UC San Francisco Professor and pediatric endocrinologist Dr. Robert Lustig is best known for taking on sugar and fructose. Dr. Lustig’s new book takes on a deeper topic: the distinction between pleasure and happiness.
“The Hacking of the American Mind” tells how corporate interests “hacked” our brains and conflated pleasure with happiness. Coca-Cola’s “Open Happiness” campaign is the most recent example. Can any amount of sugar make someone genuinely happy? Pleasure is a short-term feeling that leaves you wanting more; happiness is a long-term emotion that correlates with satisfaction, not want.
The industry’s bait and switch trick (promise happiness, deliver pleasure) helped it achieve a massive increase in sugar and processed carbohydrate consumption, and trillions in well-subsidized profits.
Of course, as with most corporate malfeasance, the federal government was complicit. First, it aimed to “maximize food production” at minimal cost through agricultural subsidies. Then it spread sugar-industry-penetrated nutritional guidelines. These guidelines denied the relationship between sugar and diabetes, and encouraged increased carbohydrate consumption (up to 60 percent of the total diet). Then the government partnered with the food and beverage industry to “prevent” chronic disease. All the while, more and more Americans developed Type 2 diabetes, insulin resistance and obesity. So now 1.9 million Americans are dying each year from preventable, lifestyle-related diseases. And almost no one seems to notice or care.

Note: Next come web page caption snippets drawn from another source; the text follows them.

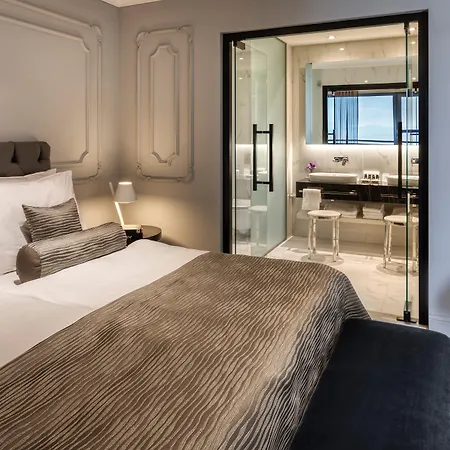 Ambasador - By Liburnia & אופטיה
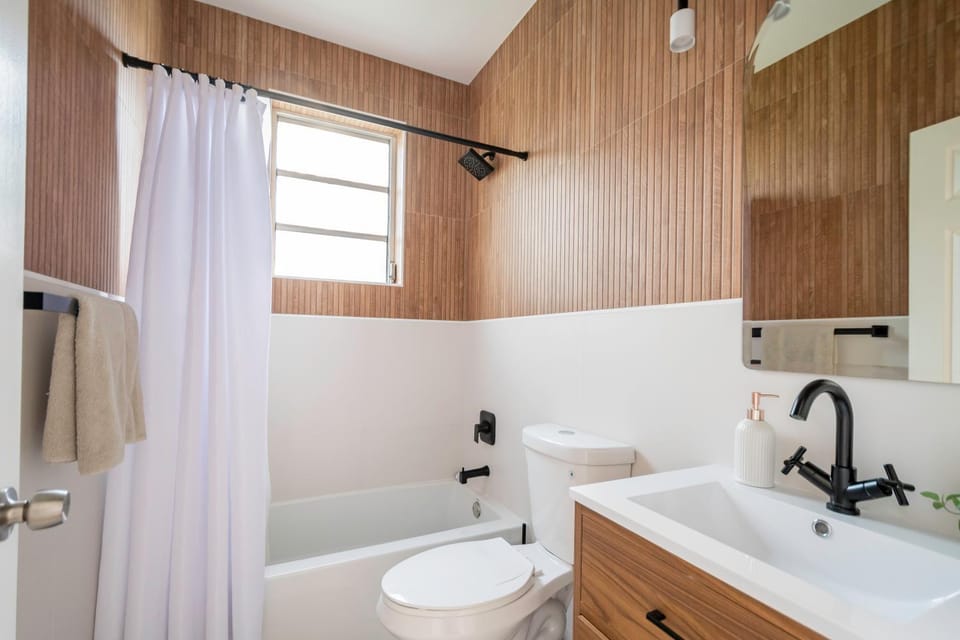 Shower, Toilet, Bathroom, Bath
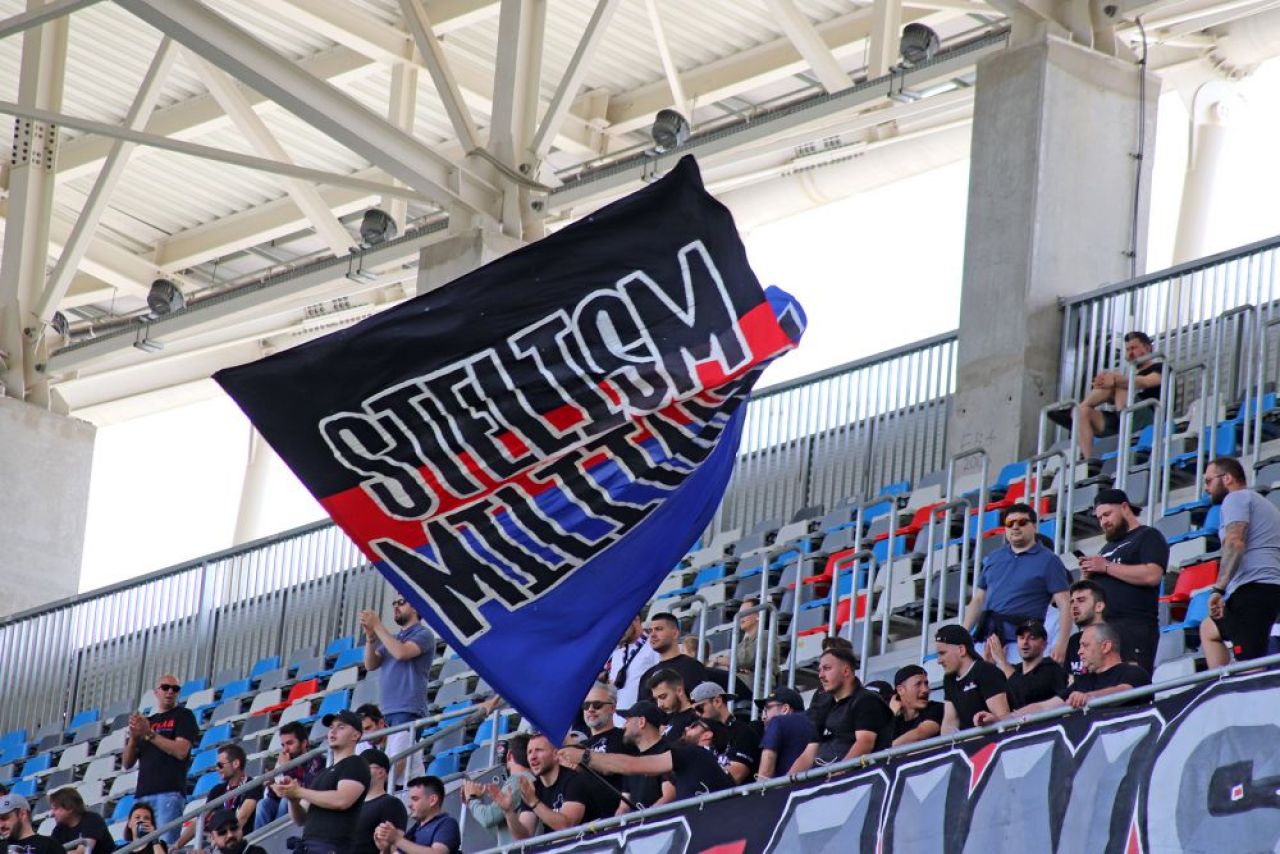 Fanii lui CSA Steaua au întors armele împotriva lui Florin Talpan! Mesajele Peluzei Sud + tribunele goale de pe Ghencea _27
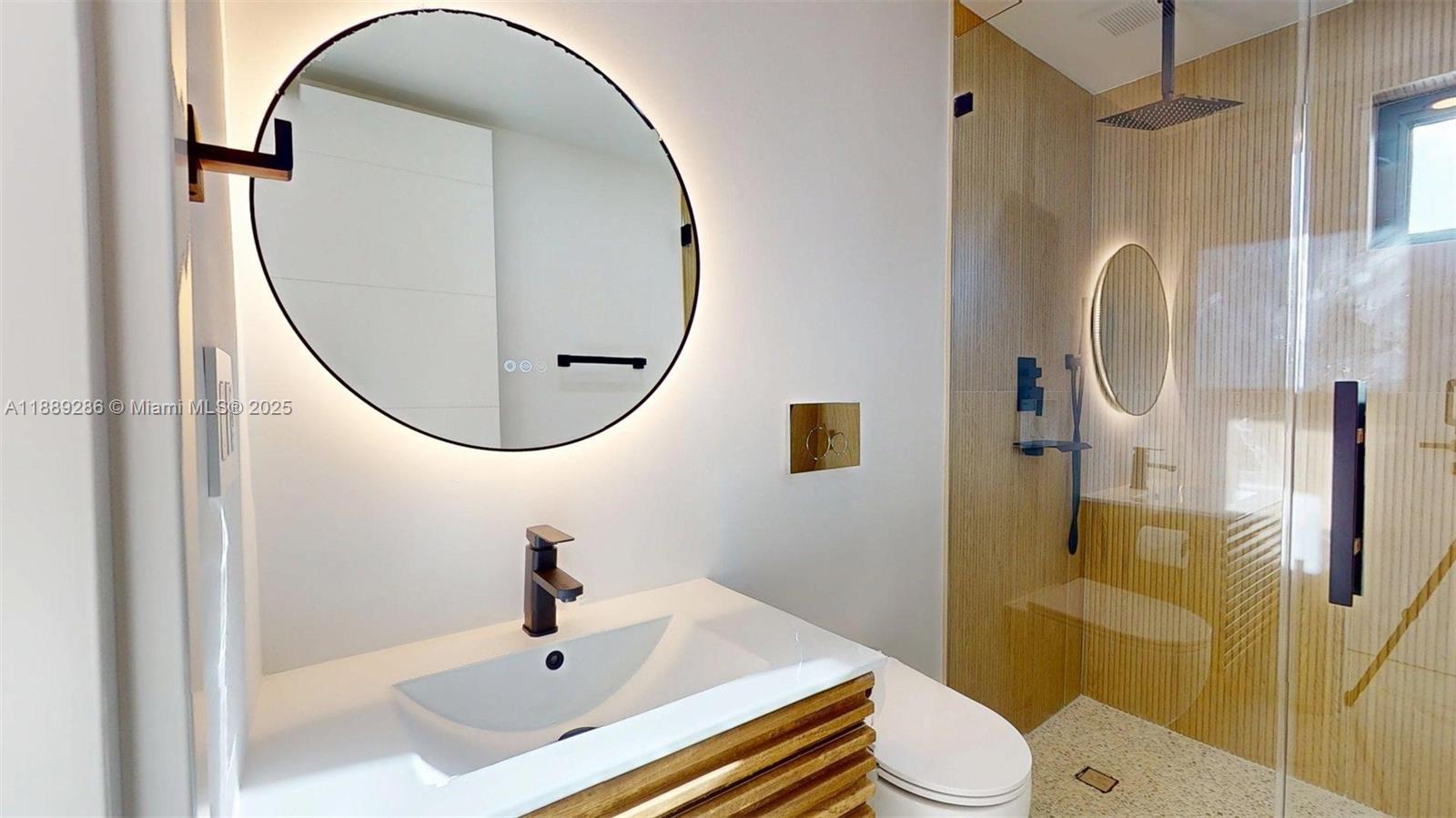 KENT ESTATES - Residential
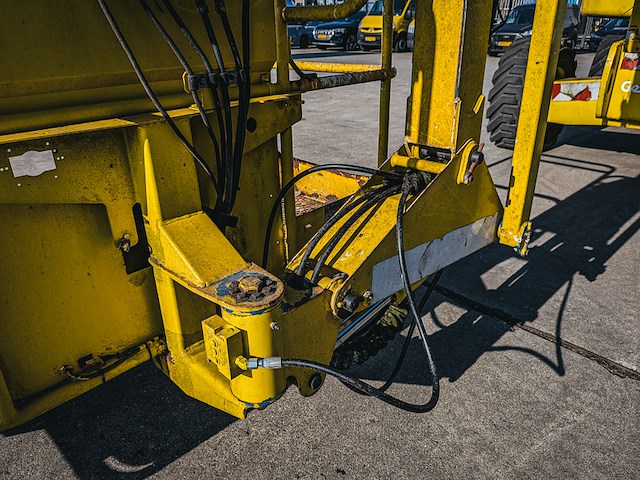 Knikarmhoogwerker, genie, z-60/34, 2003 - afbeelding 24 van  31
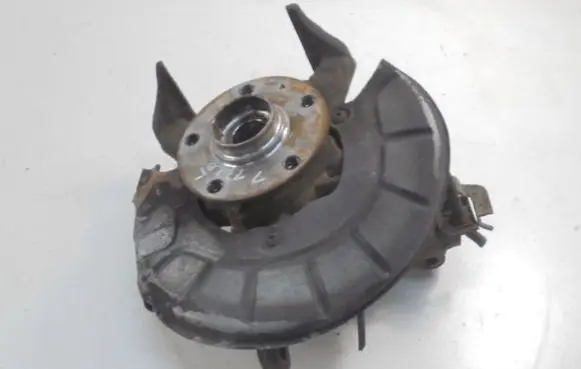 Front wheel hub spindle knuckle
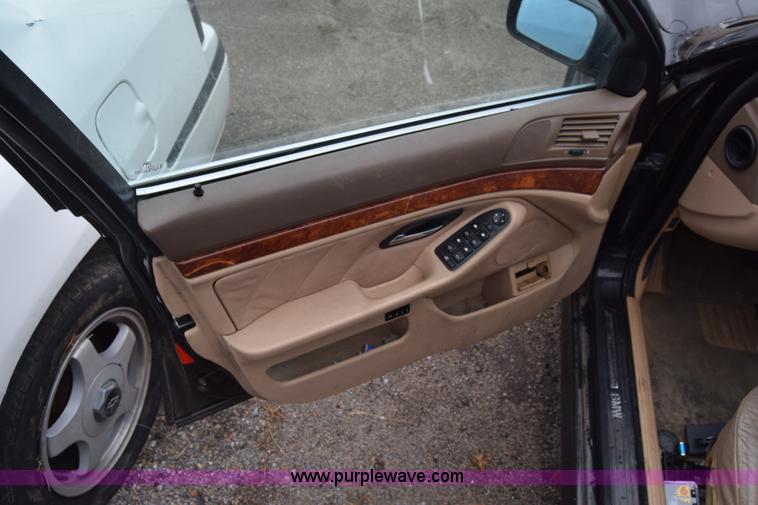 image for item K4998 2002 BMW 525i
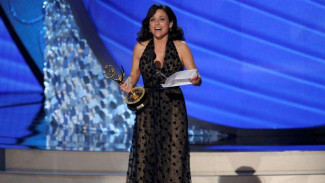 Parade Gaun Panjang yang Memukau di Emmy Awards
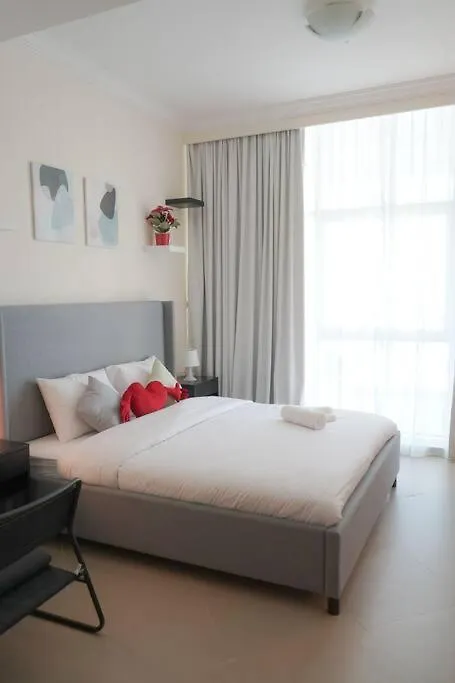 Serenity View: Modern 1BR in Dubai Marina United Arab Emirates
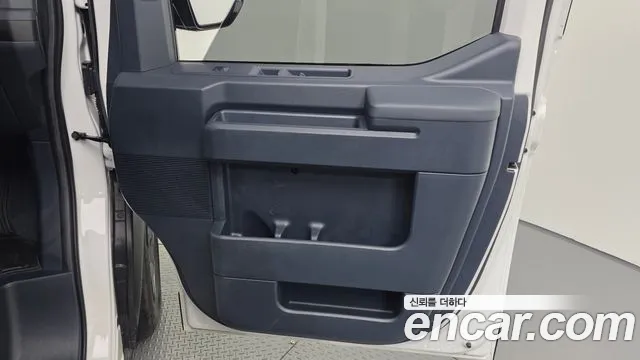 Kia PV5 — Фото автомобиля 14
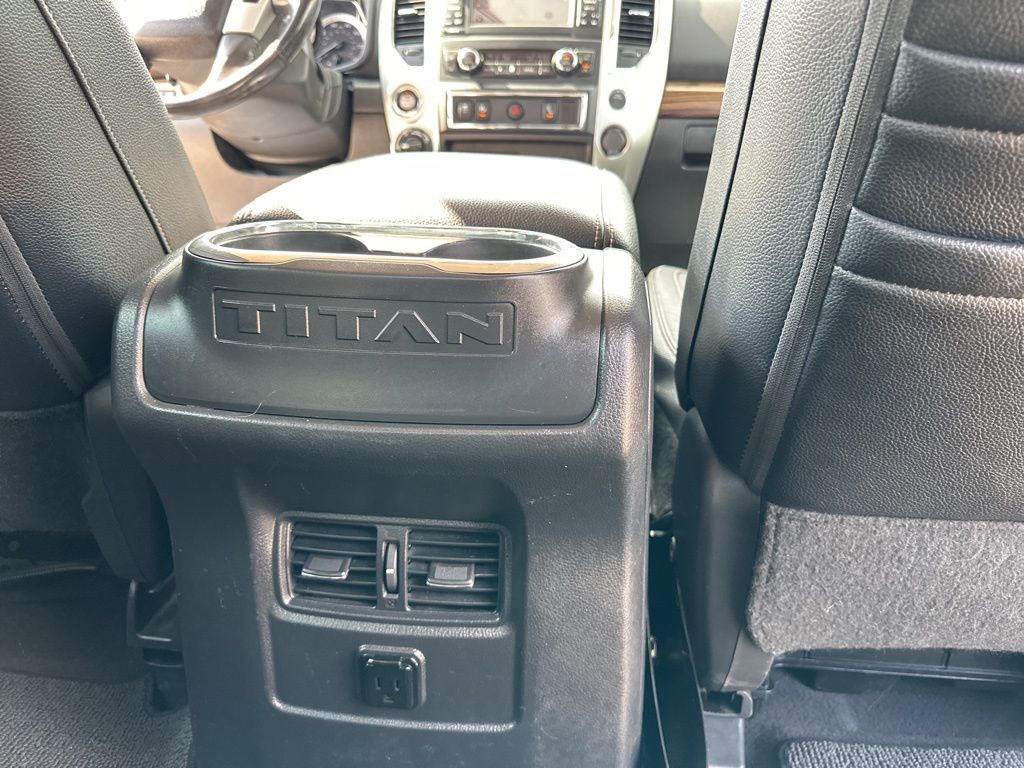 2017 Nissan Titan SL 27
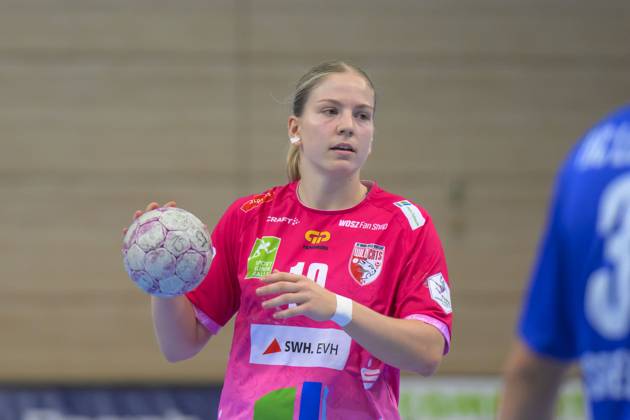 Viktoria Marksteiner Halle, 10 , SV Union Halle Neustadt HC Leipzig, Handball Women, Bundesliga, Halle Saale Cup, Final, Season 2025 26, 16 08 2025 Halle SWH Arena Sachsen Anhalt Germany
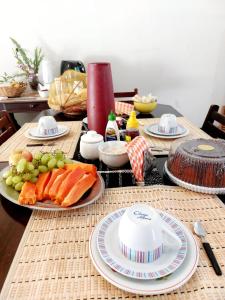 Mâncare la sau în apropiere de această cameră de închiriat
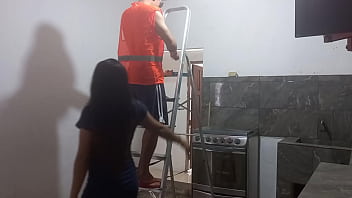 Preview 1 of Shcol Xxx Video - sexo con el alba&ntilde_il!! me puse a obserbar al nuevo alba&ntilde_il que realizaba el mantenimiento del techo. luego lo vi que estaba muy atletico y musculoso. lo seduje y le mame la polla,  luego me follo delicioso de pie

Instead, Democrats and Republicans are arguing over how to pay for the ~$2.9 trillion that treating the chronically diseased costs our country each year. The press calls it a debate over “health care.” It’s nothing of the sort. It’s a debate over economics, accounting, corporate vs. government control and the spoils of sickness. Yet the “health-care” debate does not address how to care for the health of American citizens in any meaningful fashion.
Dr. Robert Lustig explains the point further in this interview at 26:15:
Quote:
Obamacare promised that we could put 32 million sick people onto the rolls, and that we would pay for it with preventative services. By being able to go to your doctor, you wouldn’t have to use the Emergency Room, which costs 50 times as much. And that’s how we would be able to pay for all these people. It turns out, that with Obamacare, emergency room visits went up, not down. And costs went so high that three of the major insurers opted out. And that was one of the reasons for the election of 2016, focusing on health care.
Here’s the problem: Obamacare did not address diet. But neither does Trumpcare, and neither does the current Senate and House bills that are trying to repeal and replace. The bottom line is, until we address the problem of diet, which will also of course address the question of pleasure and happiness at the same time, we will not see an improvement in our health care system anytime soon. This has to be front and center.
That will not happen as long as the food and beverage industry directs federal government food and chronic disease policy.